-------- Dataset entries --------
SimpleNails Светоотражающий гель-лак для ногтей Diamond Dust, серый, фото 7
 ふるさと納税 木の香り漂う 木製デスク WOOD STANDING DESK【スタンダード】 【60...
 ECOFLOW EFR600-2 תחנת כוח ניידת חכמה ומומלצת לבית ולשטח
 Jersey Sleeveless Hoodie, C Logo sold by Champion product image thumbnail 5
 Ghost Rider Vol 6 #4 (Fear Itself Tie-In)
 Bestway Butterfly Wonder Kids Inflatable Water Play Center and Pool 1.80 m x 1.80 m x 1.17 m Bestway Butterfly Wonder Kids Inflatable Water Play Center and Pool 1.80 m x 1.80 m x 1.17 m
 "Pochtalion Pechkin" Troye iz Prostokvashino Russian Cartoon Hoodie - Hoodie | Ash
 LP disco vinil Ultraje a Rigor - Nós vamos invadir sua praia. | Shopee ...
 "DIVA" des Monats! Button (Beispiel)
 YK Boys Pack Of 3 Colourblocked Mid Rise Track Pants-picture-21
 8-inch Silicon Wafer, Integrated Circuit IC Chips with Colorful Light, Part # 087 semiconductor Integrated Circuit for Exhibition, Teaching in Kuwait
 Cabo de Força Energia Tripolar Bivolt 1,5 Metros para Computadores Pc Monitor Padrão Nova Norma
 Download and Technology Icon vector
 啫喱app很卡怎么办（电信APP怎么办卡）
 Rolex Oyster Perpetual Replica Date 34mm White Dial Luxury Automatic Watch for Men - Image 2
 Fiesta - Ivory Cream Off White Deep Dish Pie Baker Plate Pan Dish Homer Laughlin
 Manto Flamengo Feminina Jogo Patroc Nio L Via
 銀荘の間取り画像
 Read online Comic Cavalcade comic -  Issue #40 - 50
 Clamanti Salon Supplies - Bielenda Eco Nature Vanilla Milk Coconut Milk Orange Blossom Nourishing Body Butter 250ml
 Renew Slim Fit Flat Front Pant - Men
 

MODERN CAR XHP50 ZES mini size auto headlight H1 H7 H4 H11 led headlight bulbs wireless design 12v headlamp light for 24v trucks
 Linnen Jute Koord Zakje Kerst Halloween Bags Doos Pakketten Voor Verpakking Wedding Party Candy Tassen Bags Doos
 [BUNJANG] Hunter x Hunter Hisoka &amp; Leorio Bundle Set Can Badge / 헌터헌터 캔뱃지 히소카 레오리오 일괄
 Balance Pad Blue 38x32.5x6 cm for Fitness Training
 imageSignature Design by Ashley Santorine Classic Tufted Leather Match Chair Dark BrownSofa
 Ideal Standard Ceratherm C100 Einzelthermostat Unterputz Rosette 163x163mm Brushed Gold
--------
### Try it
Using only the listing above, restate exactly the lines from the line containing "Rolex Oyster Perpetual" through the line containing "Read online Comic", both included.

### Completed exercise
 Rolex Oyster Perpetual Replica Date 34mm White Dial Luxury Automatic Watch for Men - Image 2
 Fiesta - Ivory Cream Off White Deep Dish Pie Baker Plate Pan Dish Homer Laughlin
 Manto Flamengo Feminina Jogo Patroc Nio L Via
 銀荘の間取り画像
 Read online Comic Cavalcade comic -  Issue #40 - 50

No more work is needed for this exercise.